With two Presidential candidates saying that Apple should be making more of its products in the USA, the Massachusetts Institute of Technology has done the sums to see just how practical it would be for Apple to manufacture iPhones in its home market.
The question, of course, isn’t a simple one: you first need to define your terms. Does it just mean assembling iPhones here rather than in China, or does it mean sourcing components from the U.S. too? The MIT analysis considered both scenarios, starting with assembly-only …
Assembly, says the MIT Technology Review piece, is not a major part component of the cost of an iPhone. Apple doesn’t disclose the numbers, of course, but industry estimates place it in the $4-10 range.
Syracuse University professor Jason Dedrick has already estimated the additional cost of carrying out the assembly work in the USA, and says that it would add $30-40 to the cost of an iPhone – but not for the reason you might think.
That’s partly because labor costs are higher in the U.S., but mostly it’s because additional transportation and logistics expenses would arise from shipping parts, and not just the finished product, to the U.S. This means that assuming all other costs stayed the same, the final price of an iPhone 6s Plus might rise by about 5 percent.
With assembly already partly automated, and getting more so, it’s not likely that it would bring that many jobs to the USA – especially as any production line created from scratch would take full advantage of the opportunities to maximize the use of robots rather than people.
The piece then goes on to examine scenario 2: making the components in the U.S. also.
Across iPhone, iPad and Mac, Apple has a total of 766 suppliers, of which 69 are in the USA. Almost half of them are in China, with many of the the rest in Japan and Taiwan. When it comes to chips, there is good news and bad. The good news is that such a shift would be practical.

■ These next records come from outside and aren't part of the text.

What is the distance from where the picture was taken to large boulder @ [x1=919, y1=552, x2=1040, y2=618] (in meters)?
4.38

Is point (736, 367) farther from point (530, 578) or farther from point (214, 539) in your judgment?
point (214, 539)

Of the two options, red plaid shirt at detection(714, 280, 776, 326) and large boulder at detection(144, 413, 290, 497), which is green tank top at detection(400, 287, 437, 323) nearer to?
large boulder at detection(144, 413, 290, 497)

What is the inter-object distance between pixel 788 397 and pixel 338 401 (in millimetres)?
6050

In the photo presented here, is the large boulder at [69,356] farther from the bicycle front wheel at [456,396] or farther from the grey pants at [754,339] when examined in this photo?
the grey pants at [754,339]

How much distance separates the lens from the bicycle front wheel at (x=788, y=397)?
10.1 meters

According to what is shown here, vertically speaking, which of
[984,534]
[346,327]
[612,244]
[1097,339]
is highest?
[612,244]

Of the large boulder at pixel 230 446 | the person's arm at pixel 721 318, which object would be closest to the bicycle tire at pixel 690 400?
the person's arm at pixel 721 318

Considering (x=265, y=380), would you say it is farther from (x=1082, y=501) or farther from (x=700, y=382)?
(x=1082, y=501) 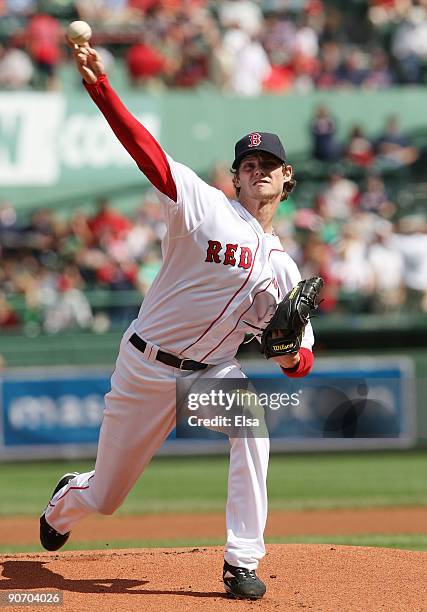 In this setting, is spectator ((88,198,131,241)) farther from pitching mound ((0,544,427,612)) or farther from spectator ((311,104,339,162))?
pitching mound ((0,544,427,612))

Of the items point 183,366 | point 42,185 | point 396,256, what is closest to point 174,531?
point 183,366

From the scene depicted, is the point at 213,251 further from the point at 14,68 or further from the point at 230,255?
the point at 14,68

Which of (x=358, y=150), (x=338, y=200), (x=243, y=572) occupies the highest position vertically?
(x=358, y=150)

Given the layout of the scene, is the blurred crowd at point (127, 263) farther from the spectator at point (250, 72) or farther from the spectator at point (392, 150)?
the spectator at point (250, 72)

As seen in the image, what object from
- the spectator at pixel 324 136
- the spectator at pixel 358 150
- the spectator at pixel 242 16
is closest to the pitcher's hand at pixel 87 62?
the spectator at pixel 324 136

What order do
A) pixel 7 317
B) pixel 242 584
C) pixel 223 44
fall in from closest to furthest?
pixel 242 584 → pixel 7 317 → pixel 223 44

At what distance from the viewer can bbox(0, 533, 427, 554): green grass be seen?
7.86 m

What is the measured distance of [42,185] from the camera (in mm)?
15711

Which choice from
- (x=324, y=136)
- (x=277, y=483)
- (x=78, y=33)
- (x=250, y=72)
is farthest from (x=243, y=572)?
(x=250, y=72)

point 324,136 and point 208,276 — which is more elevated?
point 324,136

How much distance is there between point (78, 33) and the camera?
463 centimetres

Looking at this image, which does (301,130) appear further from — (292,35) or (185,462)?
(185,462)

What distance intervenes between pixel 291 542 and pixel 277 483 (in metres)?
3.90

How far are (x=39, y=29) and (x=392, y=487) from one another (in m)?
8.11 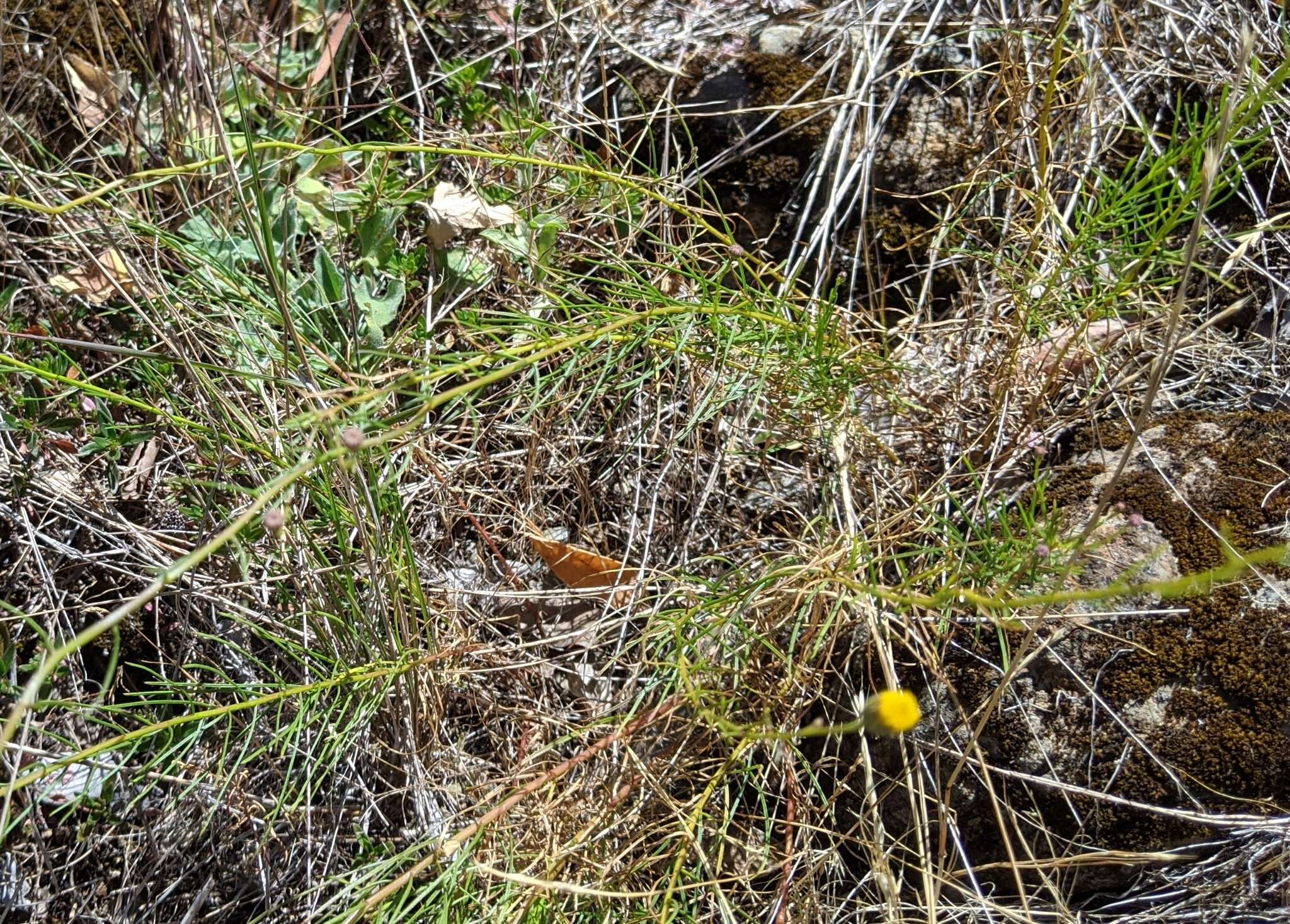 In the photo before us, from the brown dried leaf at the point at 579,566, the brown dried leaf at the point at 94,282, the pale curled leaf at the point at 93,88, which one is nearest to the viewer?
the brown dried leaf at the point at 579,566

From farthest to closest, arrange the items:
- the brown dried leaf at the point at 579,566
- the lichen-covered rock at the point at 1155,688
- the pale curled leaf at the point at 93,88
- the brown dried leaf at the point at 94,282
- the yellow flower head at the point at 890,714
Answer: the pale curled leaf at the point at 93,88
the brown dried leaf at the point at 94,282
the brown dried leaf at the point at 579,566
the lichen-covered rock at the point at 1155,688
the yellow flower head at the point at 890,714

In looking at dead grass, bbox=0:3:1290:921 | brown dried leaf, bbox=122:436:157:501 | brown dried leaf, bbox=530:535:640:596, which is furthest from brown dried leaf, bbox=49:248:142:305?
brown dried leaf, bbox=530:535:640:596

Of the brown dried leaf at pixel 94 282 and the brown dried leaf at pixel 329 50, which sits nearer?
the brown dried leaf at pixel 94 282

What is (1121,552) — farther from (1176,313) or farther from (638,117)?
(638,117)

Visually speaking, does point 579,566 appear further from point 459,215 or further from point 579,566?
point 459,215

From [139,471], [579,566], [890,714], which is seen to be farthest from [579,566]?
[890,714]

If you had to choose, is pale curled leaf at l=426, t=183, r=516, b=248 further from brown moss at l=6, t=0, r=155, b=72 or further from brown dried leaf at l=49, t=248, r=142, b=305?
brown moss at l=6, t=0, r=155, b=72

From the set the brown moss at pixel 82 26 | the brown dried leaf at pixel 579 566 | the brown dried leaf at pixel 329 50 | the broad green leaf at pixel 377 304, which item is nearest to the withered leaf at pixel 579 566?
the brown dried leaf at pixel 579 566

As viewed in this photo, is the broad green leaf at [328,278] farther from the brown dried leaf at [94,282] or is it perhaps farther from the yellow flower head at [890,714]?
the yellow flower head at [890,714] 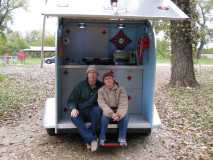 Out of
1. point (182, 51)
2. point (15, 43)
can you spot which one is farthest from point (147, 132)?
point (15, 43)

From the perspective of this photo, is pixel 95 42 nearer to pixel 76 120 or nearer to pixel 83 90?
pixel 83 90

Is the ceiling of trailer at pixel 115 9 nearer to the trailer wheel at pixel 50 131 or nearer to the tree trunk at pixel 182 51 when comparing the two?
the trailer wheel at pixel 50 131

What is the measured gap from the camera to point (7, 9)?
Answer: 132ft

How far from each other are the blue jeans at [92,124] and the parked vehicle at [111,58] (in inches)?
8.9

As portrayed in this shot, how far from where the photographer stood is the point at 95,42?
7.40 m

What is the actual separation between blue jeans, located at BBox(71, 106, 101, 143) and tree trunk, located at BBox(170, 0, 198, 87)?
23.9 feet

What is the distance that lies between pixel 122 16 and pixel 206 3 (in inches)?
2013

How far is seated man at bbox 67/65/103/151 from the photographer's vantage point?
607 cm

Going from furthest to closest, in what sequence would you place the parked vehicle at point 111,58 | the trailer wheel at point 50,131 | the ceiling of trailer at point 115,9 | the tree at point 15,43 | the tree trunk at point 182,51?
1. the tree at point 15,43
2. the tree trunk at point 182,51
3. the trailer wheel at point 50,131
4. the parked vehicle at point 111,58
5. the ceiling of trailer at point 115,9

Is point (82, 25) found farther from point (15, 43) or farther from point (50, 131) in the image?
point (15, 43)

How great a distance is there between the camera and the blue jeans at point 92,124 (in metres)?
6.06

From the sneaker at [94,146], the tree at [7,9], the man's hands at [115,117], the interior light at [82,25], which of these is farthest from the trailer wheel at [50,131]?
the tree at [7,9]

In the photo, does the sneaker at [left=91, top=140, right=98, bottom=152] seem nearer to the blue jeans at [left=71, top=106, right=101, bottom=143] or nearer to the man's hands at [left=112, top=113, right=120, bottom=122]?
the blue jeans at [left=71, top=106, right=101, bottom=143]

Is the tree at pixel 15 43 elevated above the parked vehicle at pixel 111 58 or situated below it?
below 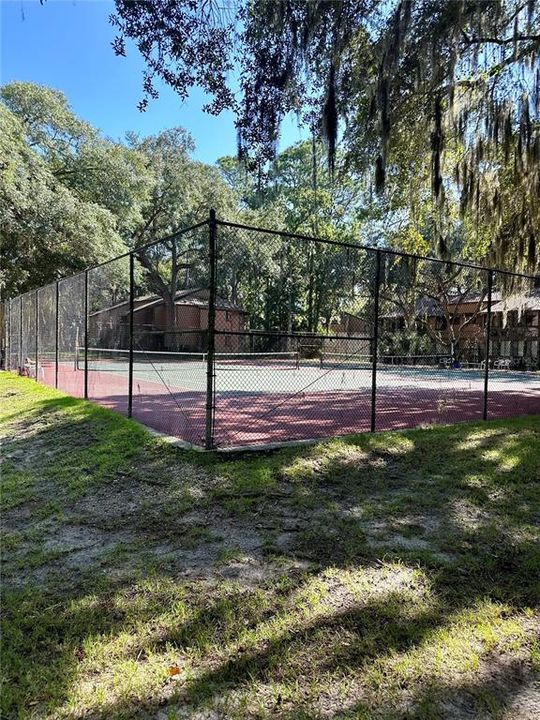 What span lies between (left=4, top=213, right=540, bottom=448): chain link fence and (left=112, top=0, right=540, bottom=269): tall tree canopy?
5.67 ft

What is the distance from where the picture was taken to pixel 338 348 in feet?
22.7

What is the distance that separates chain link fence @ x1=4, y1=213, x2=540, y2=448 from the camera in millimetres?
5930

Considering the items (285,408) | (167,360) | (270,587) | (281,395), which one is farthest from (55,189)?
(270,587)

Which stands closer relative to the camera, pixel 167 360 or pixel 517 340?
pixel 167 360

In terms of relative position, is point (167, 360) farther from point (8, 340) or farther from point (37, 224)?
point (37, 224)

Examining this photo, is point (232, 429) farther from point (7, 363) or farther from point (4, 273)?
point (4, 273)

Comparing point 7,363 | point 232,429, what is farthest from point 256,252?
point 7,363

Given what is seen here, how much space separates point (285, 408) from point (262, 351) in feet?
5.53

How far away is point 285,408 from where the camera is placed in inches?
326

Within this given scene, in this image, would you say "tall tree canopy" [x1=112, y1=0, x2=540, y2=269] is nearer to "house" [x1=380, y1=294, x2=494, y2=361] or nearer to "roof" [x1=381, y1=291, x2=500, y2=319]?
"house" [x1=380, y1=294, x2=494, y2=361]

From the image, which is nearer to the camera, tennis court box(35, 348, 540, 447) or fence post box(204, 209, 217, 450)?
fence post box(204, 209, 217, 450)

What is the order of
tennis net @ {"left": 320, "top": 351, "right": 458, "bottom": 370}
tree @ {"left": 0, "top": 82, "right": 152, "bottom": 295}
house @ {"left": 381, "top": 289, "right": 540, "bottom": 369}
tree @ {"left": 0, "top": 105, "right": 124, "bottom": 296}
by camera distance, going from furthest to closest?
tree @ {"left": 0, "top": 82, "right": 152, "bottom": 295} < tree @ {"left": 0, "top": 105, "right": 124, "bottom": 296} < house @ {"left": 381, "top": 289, "right": 540, "bottom": 369} < tennis net @ {"left": 320, "top": 351, "right": 458, "bottom": 370}

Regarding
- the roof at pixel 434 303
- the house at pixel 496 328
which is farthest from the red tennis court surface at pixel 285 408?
the roof at pixel 434 303

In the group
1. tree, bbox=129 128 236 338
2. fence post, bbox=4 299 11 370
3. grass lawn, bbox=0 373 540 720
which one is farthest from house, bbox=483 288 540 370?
tree, bbox=129 128 236 338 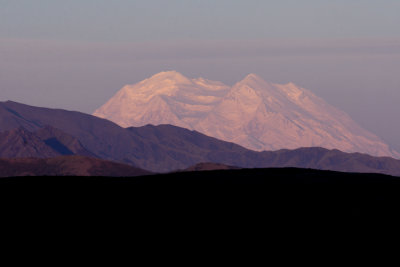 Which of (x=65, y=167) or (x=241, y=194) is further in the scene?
(x=65, y=167)

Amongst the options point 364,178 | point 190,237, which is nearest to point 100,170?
point 364,178

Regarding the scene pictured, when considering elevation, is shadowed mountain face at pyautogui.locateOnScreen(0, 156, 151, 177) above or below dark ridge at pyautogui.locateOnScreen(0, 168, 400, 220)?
below

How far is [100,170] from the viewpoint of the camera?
150750mm

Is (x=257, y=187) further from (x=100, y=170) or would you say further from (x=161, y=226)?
(x=100, y=170)

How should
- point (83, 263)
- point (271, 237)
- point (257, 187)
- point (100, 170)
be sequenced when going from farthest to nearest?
1. point (100, 170)
2. point (257, 187)
3. point (271, 237)
4. point (83, 263)

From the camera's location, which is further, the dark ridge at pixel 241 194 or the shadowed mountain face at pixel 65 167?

As Alex King, director of the Critical Materials Institute headquartered at the Department of Energy’s Ames Laboratory, points out, semiconductor fabs become obsolete a few years after they are built. This means, he says, that “with every new generation of semiconductors there is an opportunity to place a semiconductor fab anywhere in the world, including the U.S.”
But Duane Boning, an electrical engineer at MIT specializing in semiconductor manufacturing, says that this wouldn’t necessarily generate many jobs.
Labor costs are a tiny fraction of cost compared to the equipment and facilities that go into a multibillion-dollar fab.
There’s in any case a limit to the components that can be manufactured in the USA.
According to King at the Ames Lab, an iPhone has about 75 elements in it—two-thirds of the periodic table. Even just the outside of an iPhone relies heavily on materials that aren’t commercially available in the U.S. Aluminum comes from bauxite, and there are no bauxite mines in the U.S. […]
The elements known as rare earths (which aren’t that rare but are tough to mine) would need to come primarily from China, which produces 85 percent of the world’s supply.
So the bottom-line appears to be that assembly could be done in the U.S. if consumers were willing to pay an additional $30-40, rising to around an additional $100 if as many components as practical were manufactured here – but the impact on the job market isn’t likely to be significant.